● **THE PROBLEM**: Nothing but the lines from the one containing "Salome 1894 - The" to the final line of the entries should appear, copied exactly and without pictures.

● **DATASET RECORDS**:

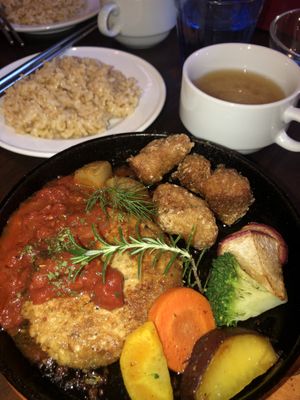 The hamburger set with a few karage too at Rainbow Bird Rendezvous in Tokyo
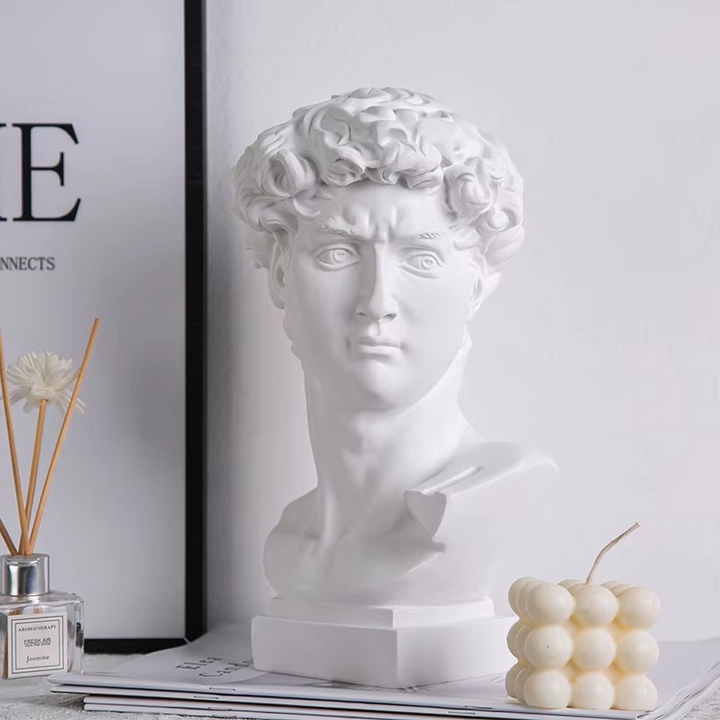 Moderne David Bust Skulptur - Abstrakt Harpiks Studie for Moderne Dekor Luvikno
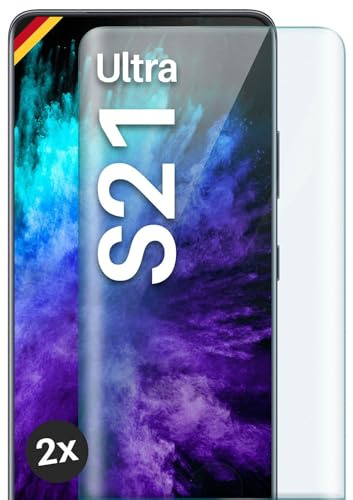 moex CurveProtect für Samsung Galaxy S21 Ultra Panzer Schutzglas, Full Screen Schutzfolie randlos, ganzer Bildschirm komplett abgedeckt, Panzerfolie Curved 3D Glas Folie, Klar 2 Stück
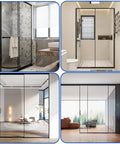 Collage of modern bathrooms featuring clear sliding shower door bottom guide set for top hung glass doors, various views.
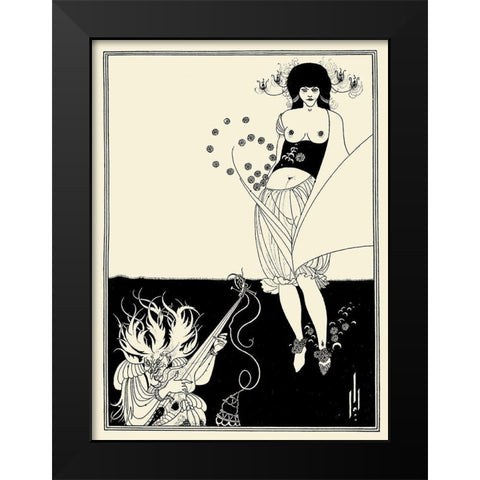 Salome 1894 - The Stomach Dance Black Modern Wood Framed Art Print by Beardsley, Aubrey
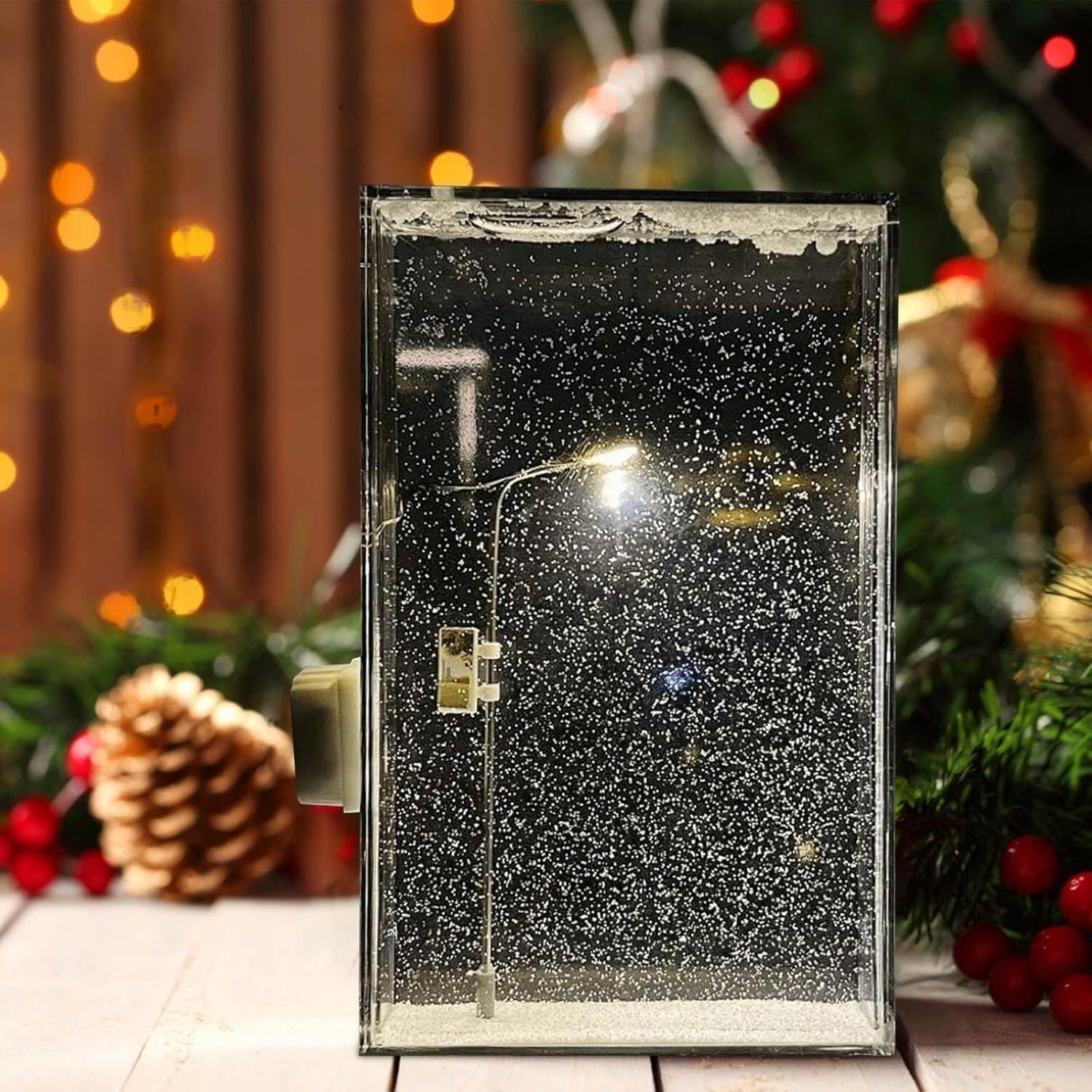 Vibey: DIY Street Lamp Snow Globe with Warm LED Night Light, Handmade Falling Snow Effect for Christmas, Birthday & Festive Desktop Décor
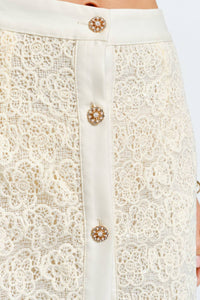 Ina Fashion - Charlotte Floral Lace Button-front Midi Skirt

● **OUTPUT**:
 Salome 1894 - The Stomach Dance Black Modern Wood Framed Art Print by Beardsley, Aubrey
 Vibey: DIY Street Lamp Snow Globe with Warm LED Night Light, Handmade Falling Snow Effect for Christmas, Birthday & Festive Desktop Décor
 Ina Fashion - Charlotte Floral Lace Button-front Midi Skirt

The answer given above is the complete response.